What is needed — Once the pictures are set aside, repeat all of the data below exactly.

Information supplied —
#####

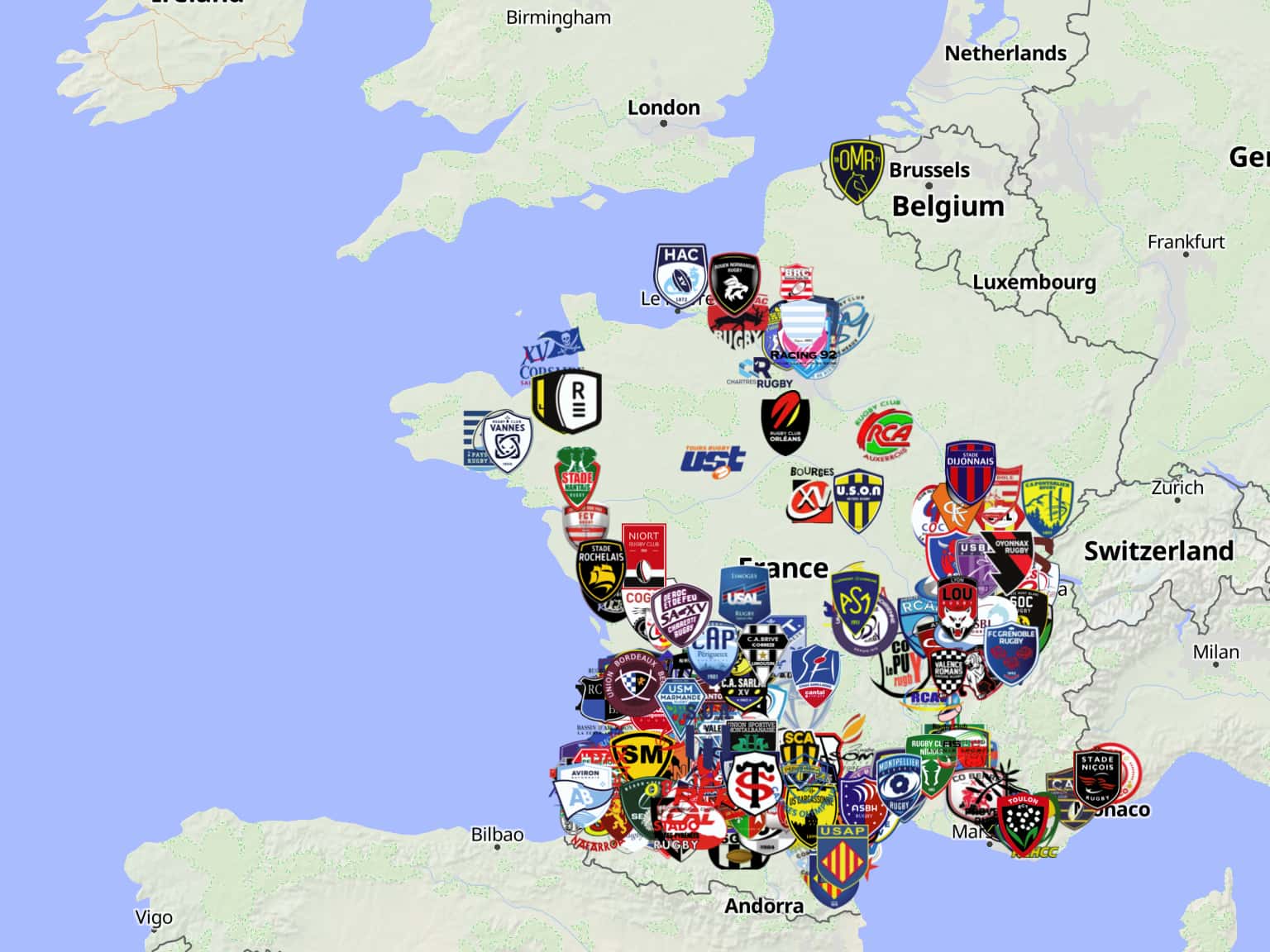 French Rugby Union Football Clubs By RedmanRugbyunion MapHub french-rugby-union-football-clubs-by-redmanrugbyunion-maphub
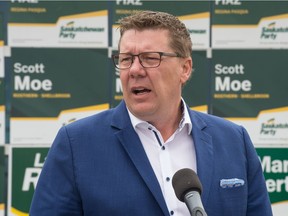 Saskatchewan Party leader and current premier Scott Moe speaks to media on the day of the provincial election call at the Saskatchewan Party Regina campaign office in Regina, Saskatchewan on Sept. 29, 2020.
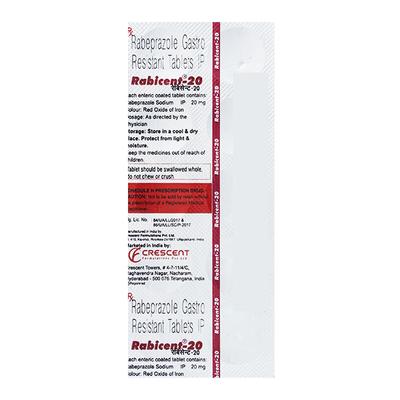 RABICENT 20mg Tablet 10's - Ulcer/Reflux/Flatulence-Aaa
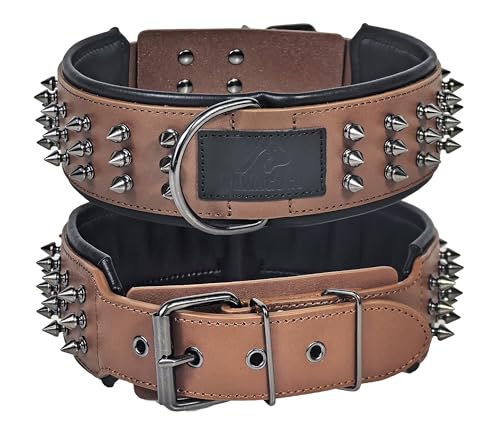 Kawagogo Spiked Real Leather Dog Collar，Handmade Dog Collar for Large Dogs，2.2 Inches Wide，German Shepherd Pitbull Doberman (Brown, 22''-25'')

#####

Written answer —
 French Rugby Union Football Clubs By RedmanRugbyunion MapHub french-rugby-union-football-clubs-by-redmanrugbyunion-maphub
 Saskatchewan Party leader and current premier Scott Moe speaks to media on the day of the provincial election call at the Saskatchewan Party Regina campaign office in Regina, Saskatchewan on Sept. 29, 2020.
 RABICENT 20mg Tablet 10's - Ulcer/Reflux/Flatulence-Aaa
 Kawagogo Spiked Real Leather Dog Collar，Handmade Dog Collar for Large Dogs，2.2 Inches Wide，German Shepherd Pitbull Doberman (Brown, 22''-25'')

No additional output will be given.